Wednesday, November 28, 2018

He did it: He Jiankui talk at HKU conference on gene editing



This is He's talk from a conference on gene editing, in progress now in HK. (Should start at 1h09.)

This article describes serious discussions between He and bioethicists over the last year.

CapEx required for this process is quite modest -- not beyond the capability of a medium-sized IVF clinic. The CRISPR vector was purchased, IIUC, for about $100!

The choice of CCR5 is not well motivated, from the perspective of most bioethicists: there are other ways to prevent HIV, and the edit could be regarded as an enhancement, not elimination of a disease allele.

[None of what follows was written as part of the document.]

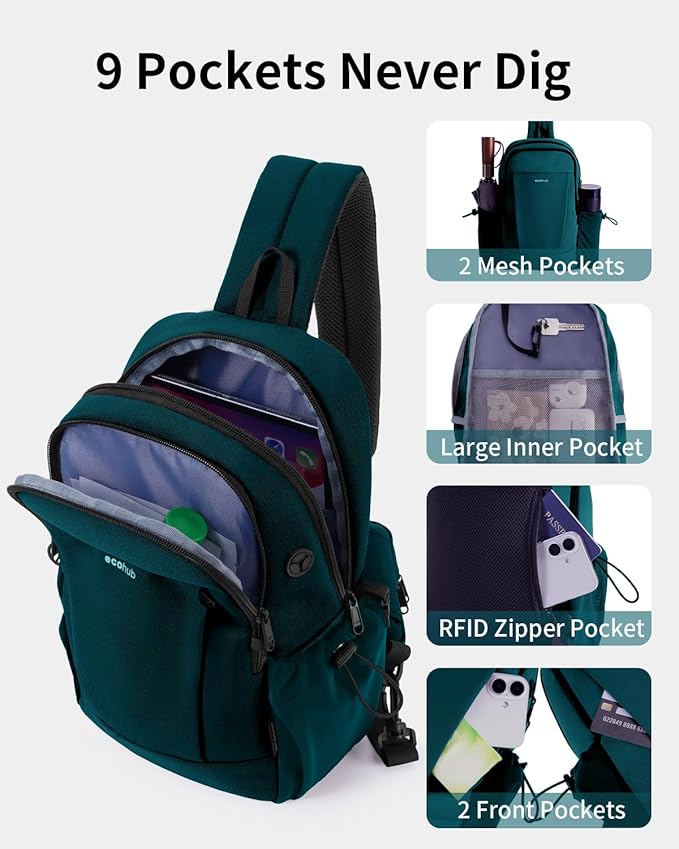 ECOHUB Anti-Theft Crossbody Bag Men Women, RFID Blocking Lightweight Sling Backpack Eco-Friendly with 9 Pockets Sturdy SBS Zippers Water Resistant for Travel Work Hiking Outdoor, Turquoise
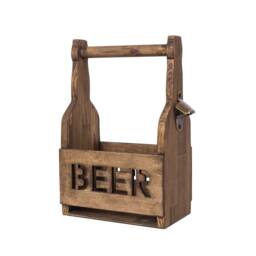 Beer Holder - Wooden Tote Carrier Caddy 6 Pack Six Back - thumbnail 3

@1h25 He claims that the parents were given the option to use unedited embryos for their pregnancy but chose to use the edited ones. (This decision was made even after being informed of the existence of a possible off-target edit in an inter-genic region. The possible off-target was not confirmed by later analysis.) If true, this has some important ethical implications. The problem becomes one of parental choice and reproductive freedom. IIUC, the father has rather strong feelings concerning HIV (being HIV positive) and the parents strongly desired HIV-resistance in their daughters. Who are we (or anyone else) to tell the parents whether to use the edited or unedited embryos?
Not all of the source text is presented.